US 12,462,790 B2
Quality estimation for automatic speech recognition
Kai Fan, Sunnyvale, CA (US); Bo Li, Hangzhou (CN); and Jiayi Wang, Hangzhou (CN)
Assigned to Alibaba Group Holding Limited, Grand Cayman (KY)
Filed by Alibaba Group Holding Limited, Grand Cayman (KY)
Filed on Jul. 20, 2023, as Appl. No. 18/224,514.
Application 18/224,514 is a continuation of application No. PCT/CN2021/073073, filed on Jan. 21, 2021.
Prior Publication US 2023/0360636 A1, Nov. 9, 2023
Int. Cl. G10L 15/01 (2013.01); G10L 15/06 (2013.01)

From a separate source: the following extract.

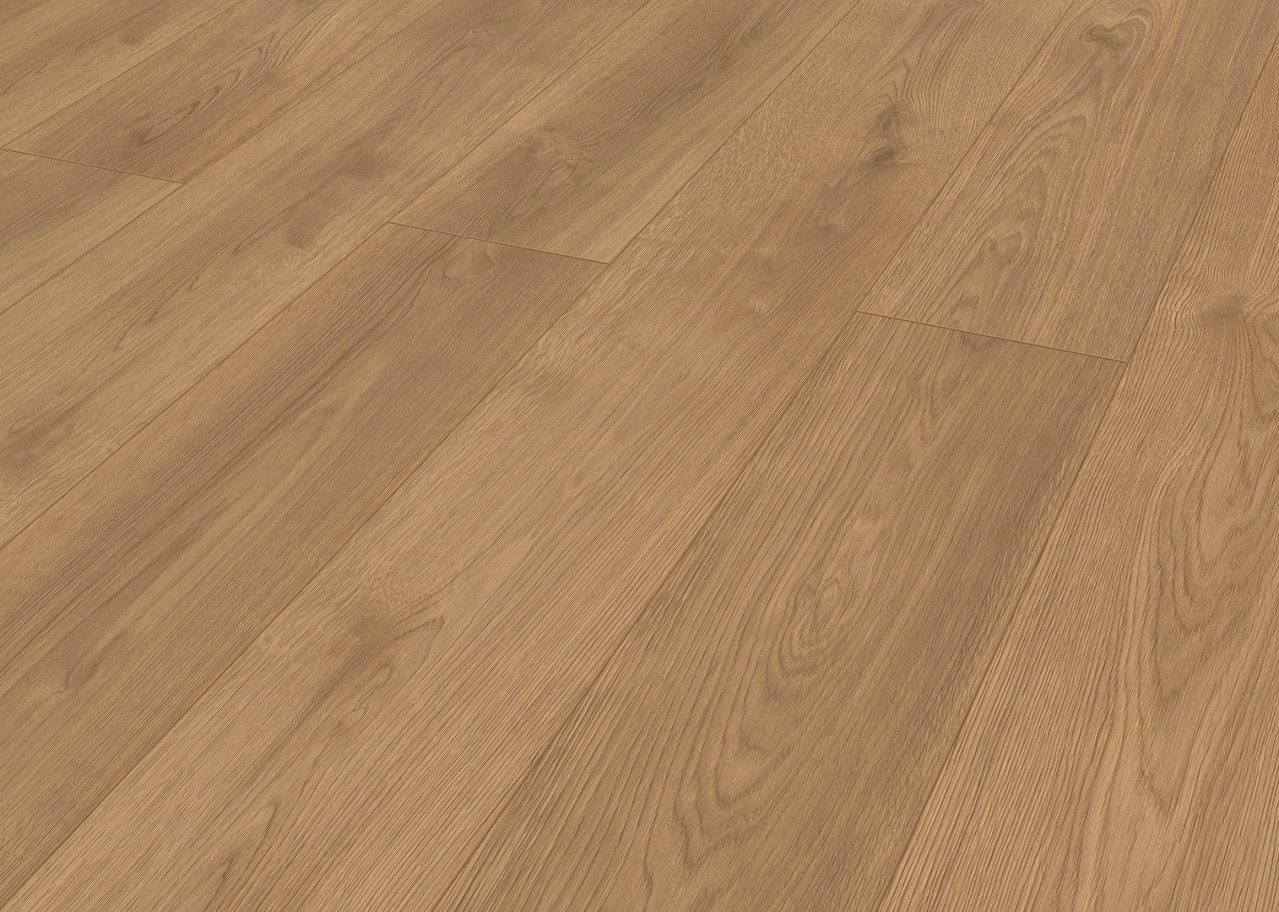 Classen Vinylboden Classen Vinyl Designboden Ceramin Floors Tera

CPC G10L 15/01 (2013.01) [G10L 15/063 (2013.01)] 20 Claims
OG exemplary drawing
 
1. A method comprising:
training a transformer learning model on inputs comprising a sequence of audio tokens, the trained transformer learning model being executable by one or more processors of a computing system to output a sequence of feature representations; and
training a quality estimation learning model on inputs comprising the sequence of feature representations, the trained quality estimation learning model being executable by the one or more processors to output a probability of a word error rate value.